I don’t mind ads. Ads should exist. They’re a great way to make a program “free” (as in beer) to download. I dutifully sit through ads on Hulu because I understand that this is how people are going to get paid for the work I’m enjoying. If there’s an ad-supported free app and an ad-free “premium” app, I’ll usually download the former to find out if I like it enough to buy the latter (or look for a better app that does the same thing).

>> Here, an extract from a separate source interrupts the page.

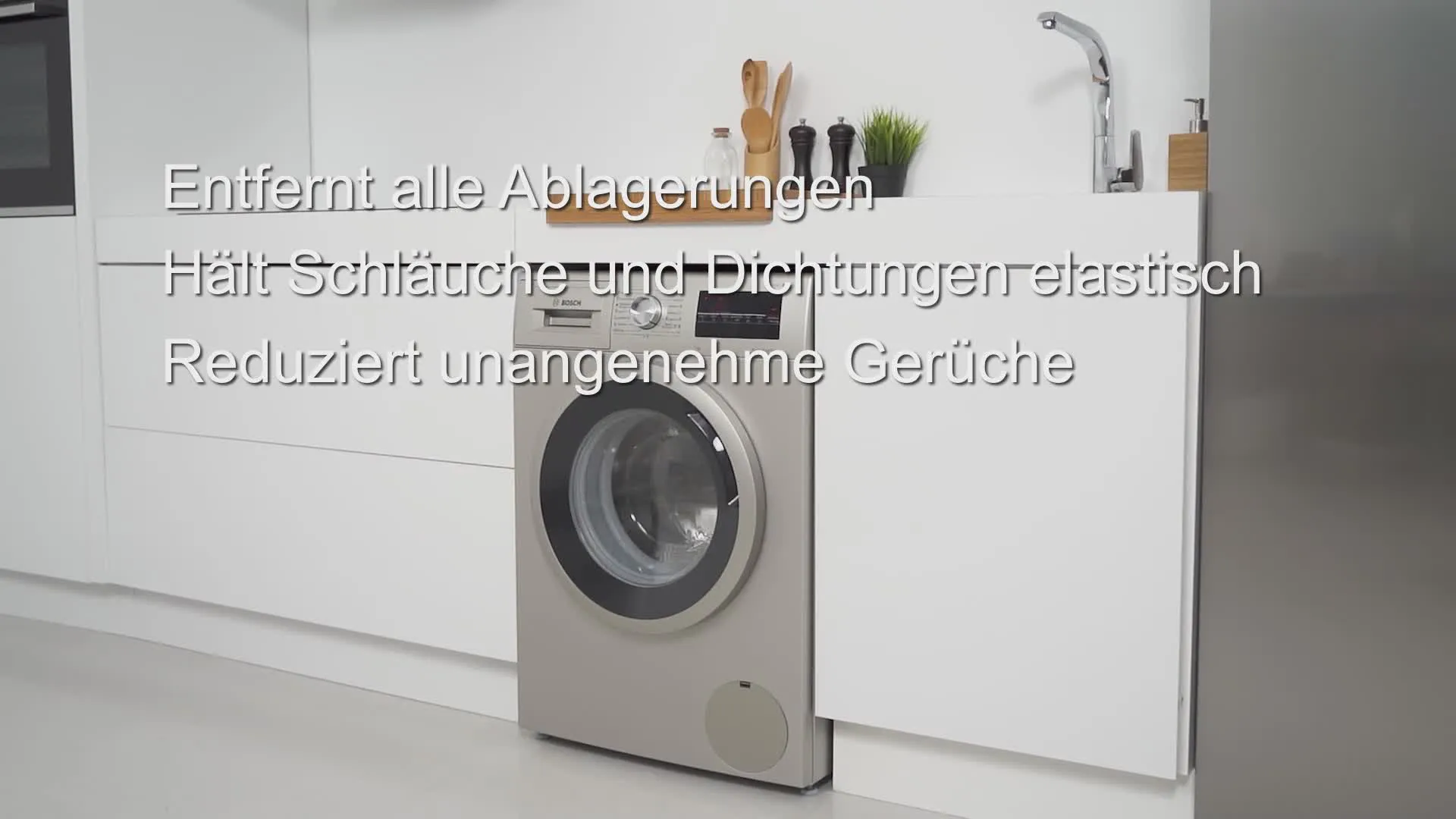 Video-Vorschau Nr. 3 des Produkts 00311925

iAds, however, makes me extremely nervous, and has a lot of unanswered questions.

iAds vs Google Ads

Steve made several not-so-subtle references to Google ads (“mobile ads”) in his presentation. Now, the thing I like about Google Ads (which is where they get most of their revenue) is that they’re small and unobtrusive. Steve, however, was positively crowing about how these iAds will dominate your screen, obscuring it completely. (Even as it leaves you “inside the app.” iAds is practically an application inside your application; indeed they demonstrated a Toy Story 3 app that featured a memory game, and a Nike build-your-own-shoe function. This is not a tiny banner ad tucked in between paragraphs of a story. This is something that blocks the app (for all their talk about how it doesn’t take you out of the application.) Now let’s say that Apple lets the user dismiss the ad as soon as he wishes. At what point does the developer get paid for the ad? How much time does the user have to spend in it? Can the developer insist that the user watch a certain number of ads, or spend a certain amount of time (ala Hulu) before he can use the “free” app?

You used to be acceptable

The worst aspect of Google Ads, however, is their draconian agreement with the sites that host their ad. If Google so much as suspects that you’re breaking the rules (artificially increasing clicks, asking people to click on ads, or anything that breaks the agreement), they shut you out and you receive nothing. There is virtually no arbitration process, no explanation or investigation…

…which sounds exactly like how Apple runs the App Store. If you have an app that’s accepted, becomes popular, and is making you a profit, Apple can at any time decide they don’t want it in their store and delete it immediately. Now what about iAds suggests that Apple will run it any differently than the App Store? If you, as a developer, turn your ad revenue over to them, you are giving them complete control of your distribution channel and revenue stream. Now Apple has two hooks into you, you have to create an app that conforms to their every-changing standards, and you have to worry about receiving a notification that your app no longer conforms to the standards of iAds (which they changed without explanation). Or better yet, suppose you to go the trouble of implementing iAds in your app, and Apple decides you’re not a “viable candidate” for their program?

Which ads?

I have no doubt Apple is working to create good-looking, slick ads. But will you get to choose which advertisers show up on your app? Suppose you have an app about living Green in your community and ads for “big box” stores show up? Will you get to say “No, I don’t approve of this company, I don’t want their ads?” Or will Apple say “you get to choose a category” or (perhaps even more likely) “we’ll choose the category most appropriate for you.” And when your customers complain, will Apple take the heat, or will you? Well, what happened when users had to wait for bug fixes to clear the approval process?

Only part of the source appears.